Como aponta o historiador Steve Conn em seu novo livro, "Americans Against the City: Anti-Urbanism in the Twentieth Century", o relacionamento entre tecnologia e urbanismo sempre foi ambíguo: por um lado, a tecnologia obviamente produz barulho, congestionamento e superpopulação, mas por outro, muitas tecnologias –da eletricidade aos carros– também prometiam facilitar um abandono confortável das cidades.

Muitos utópicos radicais tinham a esperança de que novas tecnologias permitiriam que as pessoas se afastassem do sistema fabril e buscassem realizar seus desejos no campo. Como apontou Ralph Borsodi, um dos principais proponentes dessa forma de antiurbanismo hi-tech no best seller "Flight from the City" (1933), "a produção doméstica não só aniquilaria a indesejável e desnecessária fábrica, ao privá-la de mercados para seus produtos, como tornaria [os homens e mulheres] senhores das máquinas e não seus servos... os libertaria para a conquista do conforto, beleza e entendimento".

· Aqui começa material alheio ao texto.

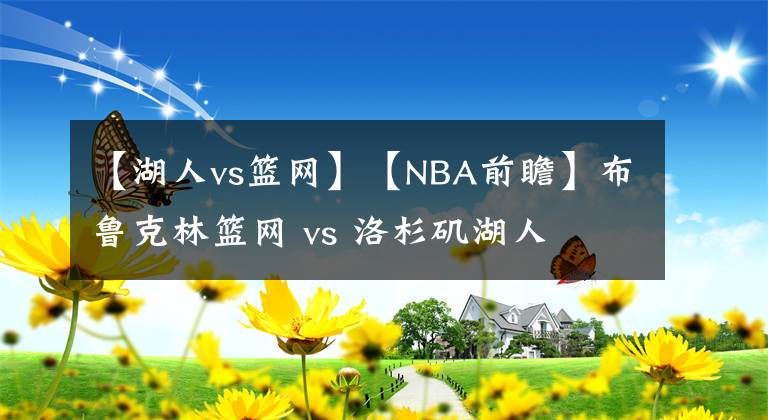 【湖人vs篮网】【NBA前瞻】布鲁克林篮网 vs 洛杉矶湖人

Pouco ele sabia sobre o potencial do movimento "maker", das impressoras 3D e dos termostatos inteligentes! Hoje, quando uma pessoa pode imprimir roupas, ferramentas e até comida sem sair de seu porão –e mesmo que seja preciso sair, haverá sempre o carro autoguiado– as opções rurais parecem ainda mais atraentes.

Veja o Open Source Ecology, um coletivo de entusiastas da ciência e tecnologia em Missouri que está criando o Kit de Construção da Aldeia Global: um conjunto de instrumentos fáceis de montar, como tratores e fornos de padaria, para lançar um novo assentamento comunitário com baixo orçamento e em curto prazo.

A proximidade com a "cultura" também deixou de ser um fator importante hoje, quando leitores eletrônicos e tablets abrigam milhares de livros e o YouTube e Netflix oferecem oferta infindável de entretenimento e esclarecimento.

É claro que a "aldeia inteligente" ainda pode entrar em colapso na forma de "subúrbio inteligente", oferecendo todo o conforto da vida na cidade mas nada do senso comunitário e da realização espiritual aparentemente escassos nos ambientes urbanos.

Um iPad, uma impressora 3D e um carro autoguiado não bastam para criar uma aldeia inteligente: como descobriu uma geração anterior de críticos das cidades, na ausência de reformas econômicas e sociais, a emancipação provida pela tecnologia é muito limitada. Uma impressora 3D é tão libertadora quando sua capacidade de fornecer uma vida confortável, e não mais –e mesmo assim ela necessita de suprimentos dispendiosos.

E tampouco deve haver aspirações a criar uma "aldeia global" ao modo de Marshall McLuhan. O localismo pode ser bom, em pequenas doses. A "aldeia inteligente" deveria se orgulhar do fato de que todos os seus memes sejam locais. Esse espírito comunitário é importante: não se trata de uma rede de "bangalôs eletrônicos", como previu Alvin Toffler em seu "A Terceira Onda", best seller de 1980. O ponto não é trabalhar mais em ambientes mais bonitinhos, mas questionar o quanto trabalhamos.

Explorar os ritmos temporais, os padrões de conectividade, e os rituais de trabalho da "aldeia inteligente" deveria nos levar a reconsiderar a visão atual quanto à "cidade inteligente". Eficiência, produtividade e solução antecipada de problemas são objetivos louváveis para os executivos de vendas da IBM e o governo autoritário hi-tech de Cingapura.

Mas as cidades sempre prezaram mais que o comércio. Também realizavam festivais –atividades de recreação e lazer que representam a antítese do paradigma taylorista e hipereficiente da "cidade inteligente". Uma cidade aberta ao lazer não seria em nada menos "inteligente" do que Cingapura. Vamos nos arrepender de permitir que os promotores de vendas da tecnologia nos convençam do contrário– se, é claro, tivermos tempo para todos esses arrependimentos.